Task description:
Word for word, and with pictures excluded, copy out all the records that follow.

* * * * * * * * *

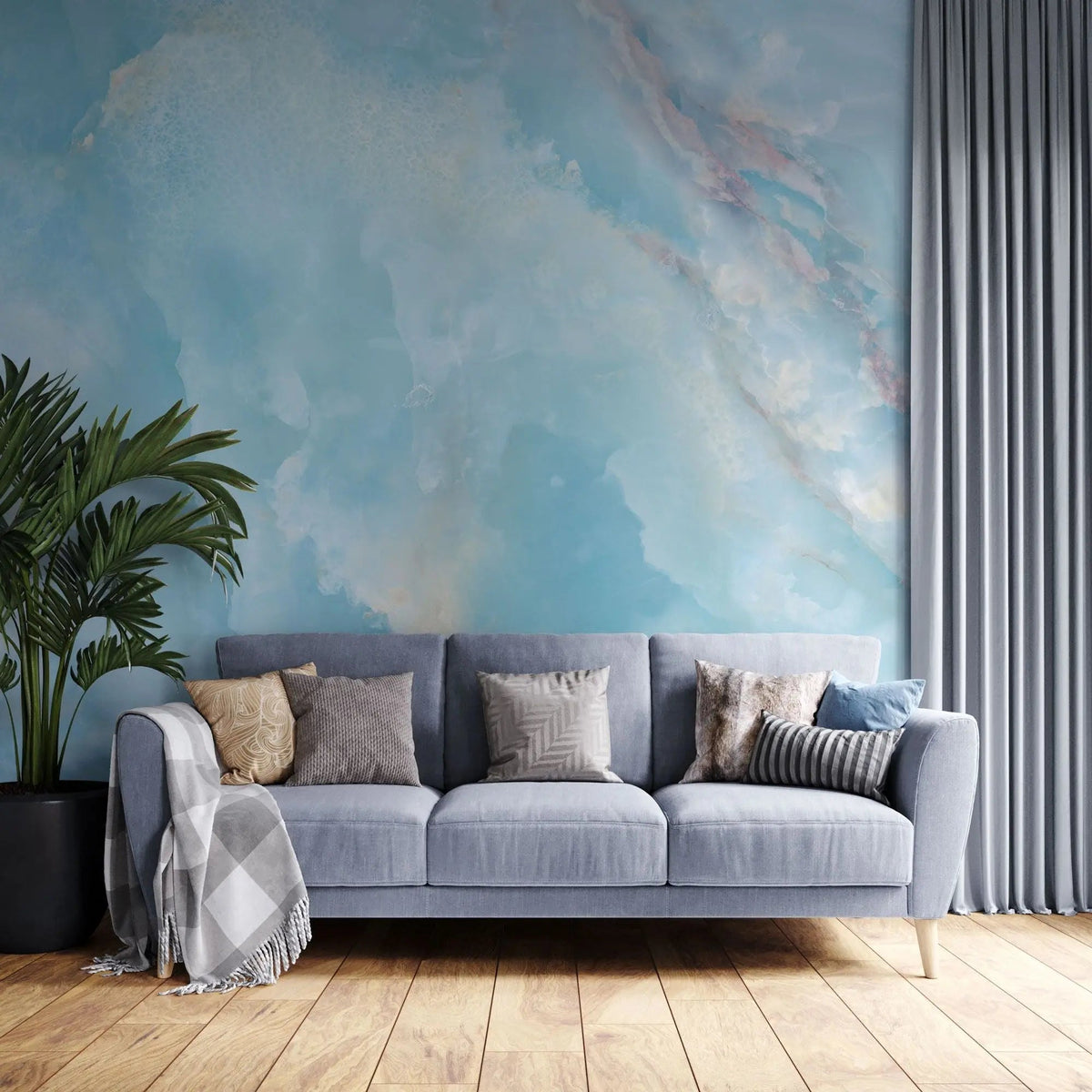 Tapet personalizat marble cu marmura/piatra semipretioasa in nuante de albastru deschis asemenea marii egee agean marble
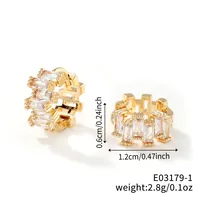1 Pair Glam Simple Style Shiny Geometric Inlay Copper Zircon K Gold Plated Earrings sku image 4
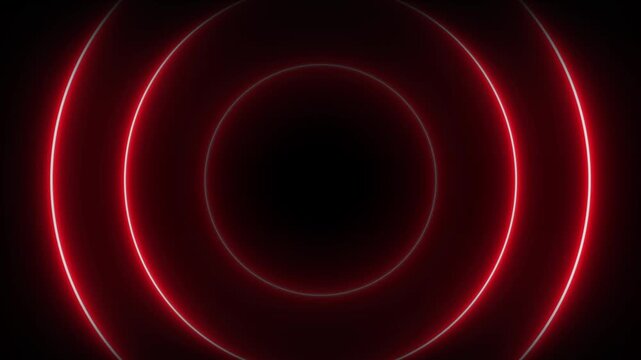 Abstract neon circle radio waves looping background. Searching process in futuristic interface.Radar signal concept.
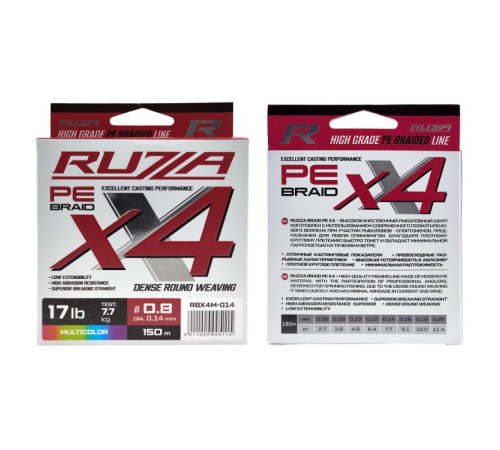 фото Шнур RUZZA X4 150м Multicolor 0,14мм 7,7кг/17lb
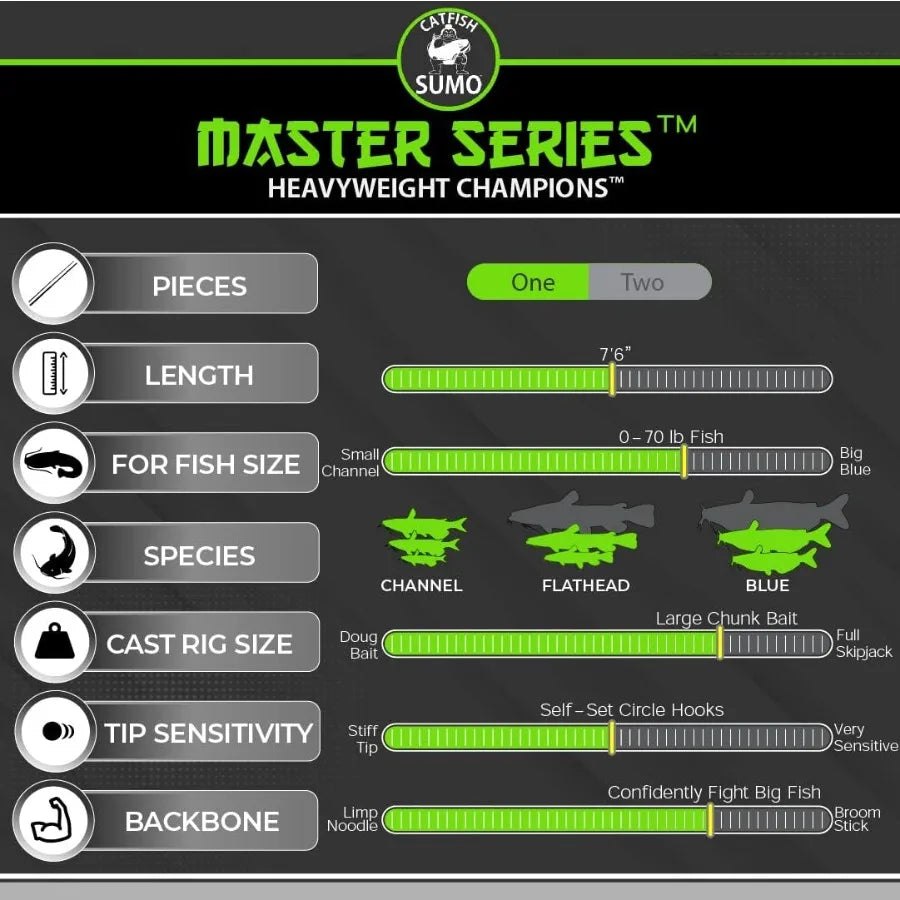 Master Series Catfish Baitcasting Rod For Heavy Lure Fishing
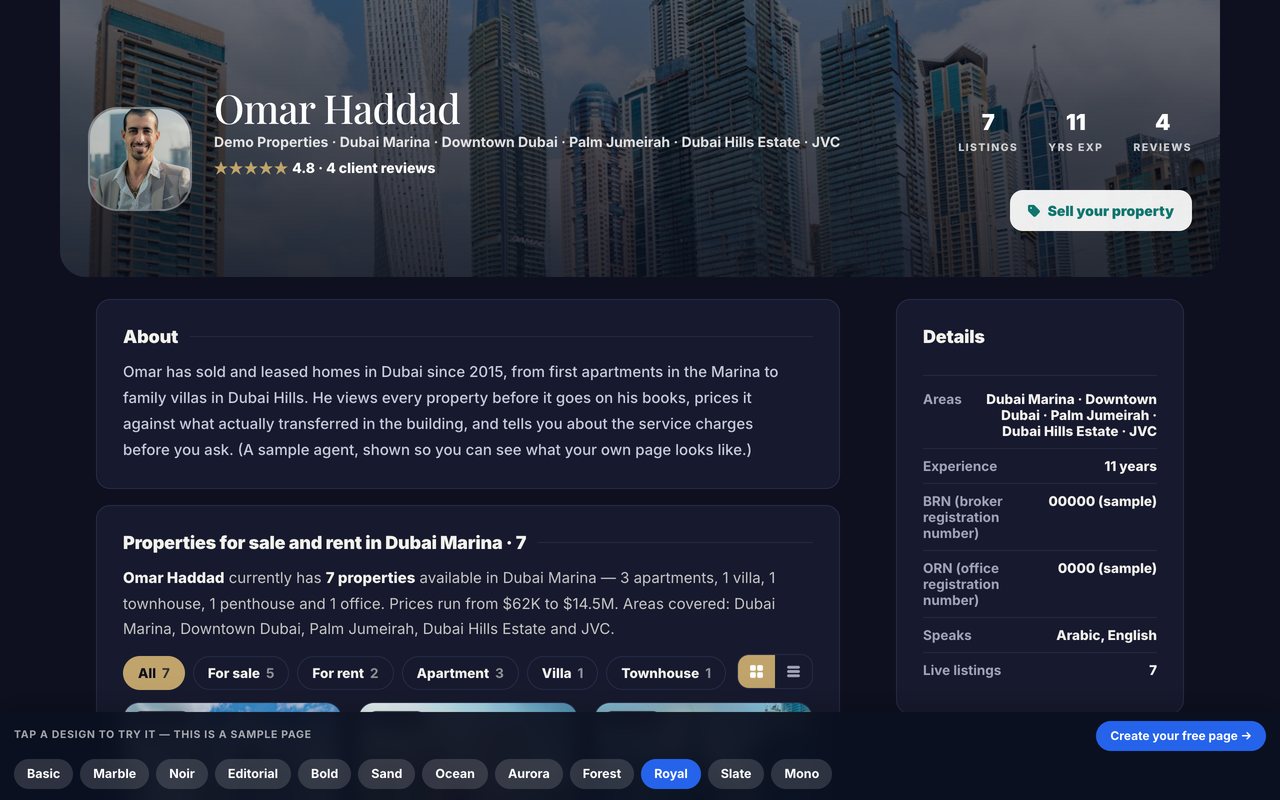 An agent page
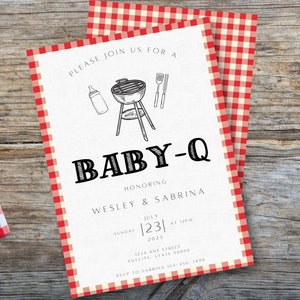 BBQ Baby Shower Invitation Template, Baby Q Shower Digital Invite, Editable Summer Baby Shower, Gender Neutral Baby Shower
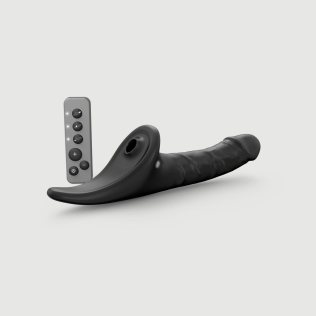 Вибронасадка реалистичная для страпона с вакуумной стимуляцией черная Strap-On-Me Multi Orgasm Realistic Dildo размер XL
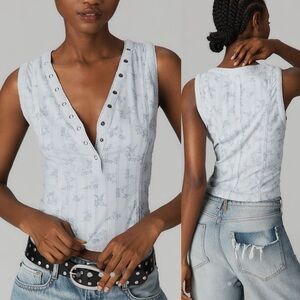 Pilcro Light Blue V-Neck Top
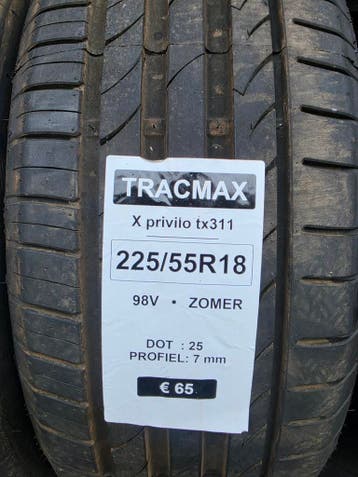 225/55r18 98V Tracmax Demo zgn Dot 25 7mm, Ophalen, 18 inch, Nieuw, Band(en)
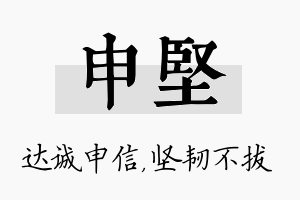 申坚名字的寓意及含义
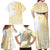 Samoa Siapo Mamanu Family Matching Off Shoulder Maxi Dress and Hawaiian Shirt Plumeria Fancy Gold Motifs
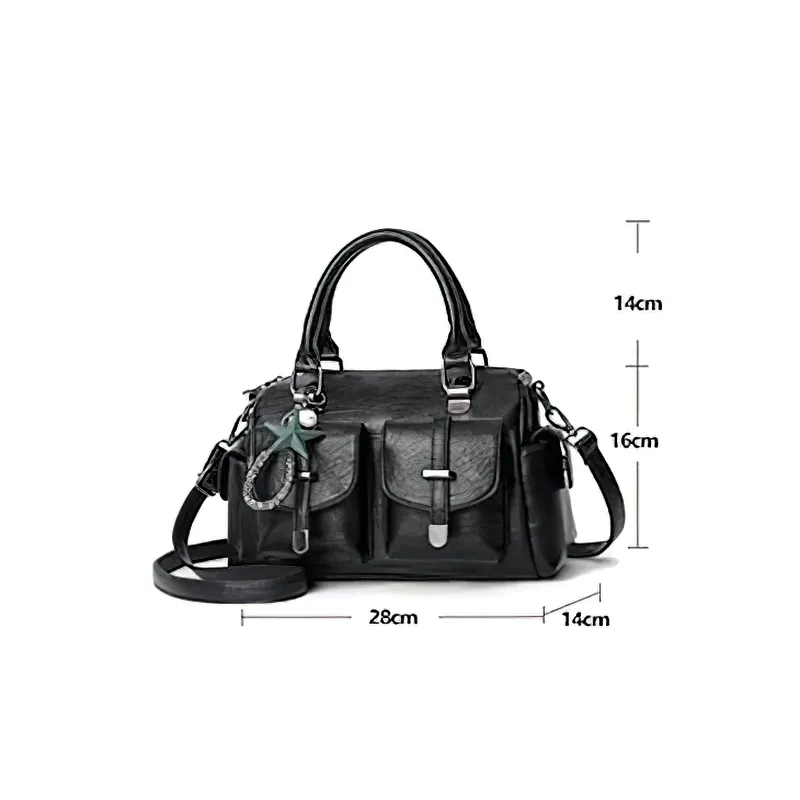 Vintage Women Handbag With Star Pendant / Soft Leather Shoulder Bag / Multi-pocket Top-handle Bag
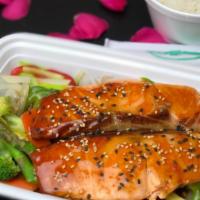 Salmon Teriyaki · Served with miso soup, salad, and steamed rice.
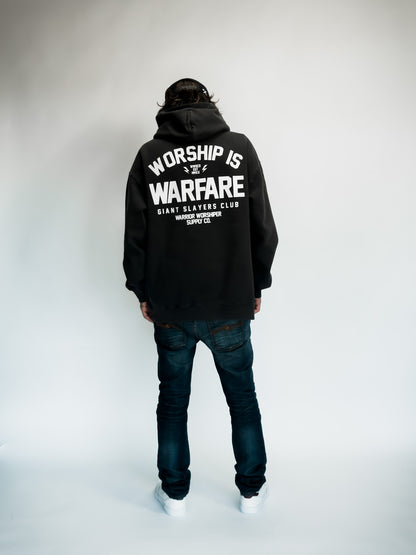 WORSHIP IS WARFARE - RELAX FIT - FADED BLK HOODIE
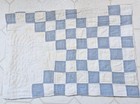 Antique Cotton Hand Quilted Quilt Piece White Blue Patchwork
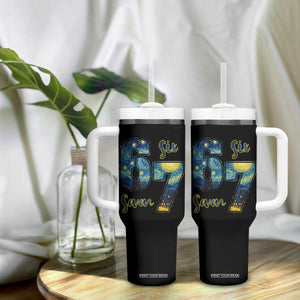 67 Six Seven Meme Tumbler With Handle Starry Night Van Gogh TS14 Print Your Wear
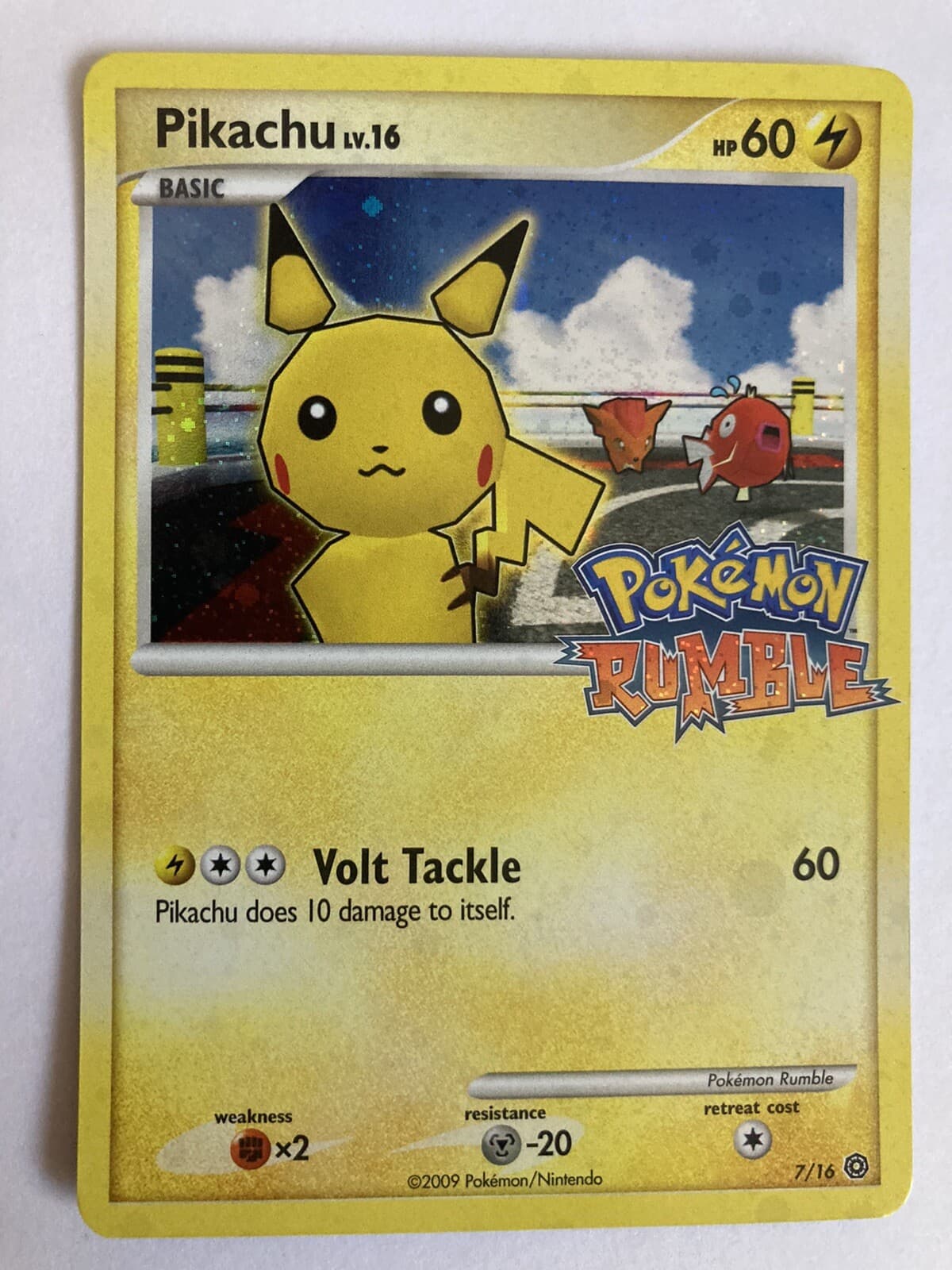 2009 POKEMON RUMBLE PIKACHU PROMO RARE HOLO SWIRL CARD 7/16 MINT CONDITION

* * * * * * * * *

Solution to the exercise:
 Tapet personalizat marble cu marmura/piatra semipretioasa in nuante de albastru deschis asemenea marii egee agean marble
1 Pair Glam Simple Style Shiny Geometric Inlay Copper Zircon K Gold Plated Earrings sku image 4
 Abstract neon circle radio waves looping background. Searching process in futuristic interface.Radar signal concept.
 фото Шнур RUZZA X4 150м Multicolor 0,14мм 7,7кг/17lb
 Master Series Catfish Baitcasting Rod For Heavy Lure Fishing
 An agent page
 BBQ Baby Shower Invitation Template, Baby Q Shower Digital Invite, Editable Summer Baby Shower, Gender Neutral Baby Shower
 Вибронасадка реалистичная для страпона с вакуумной стимуляцией черная Strap-On-Me Multi Orgasm Realistic Dildo размер XL
 Pilcro Light Blue V-Neck Top
 225/55r18 98V Tracmax Demo zgn Dot 25 7mm, Ophalen, 18 inch, Nieuw, Band(en)
 申坚名字的寓意及含义
 Samoa Siapo Mamanu Family Matching Off Shoulder Maxi Dress and Hawaiian Shirt Plumeria Fancy Gold Motifs
 Vintage Women Handbag With Star Pendant / Soft Leather Shoulder Bag / Multi-pocket Top-handle Bag
 Salmon Teriyaki · Served with miso soup, salad, and steamed rice.
 WORSHIP IS WARFARE - RELAX FIT - FADED BLK HOODIE
 Antique Cotton Hand Quilted Quilt Piece White Blue Patchwork
 67 Six Seven Meme Tumbler With Handle Starry Night Van Gogh TS14 Print Your Wear
 2009 POKEMON RUMBLE PIKACHU PROMO RARE HOLO SWIRL CARD 7/16 MINT CONDITION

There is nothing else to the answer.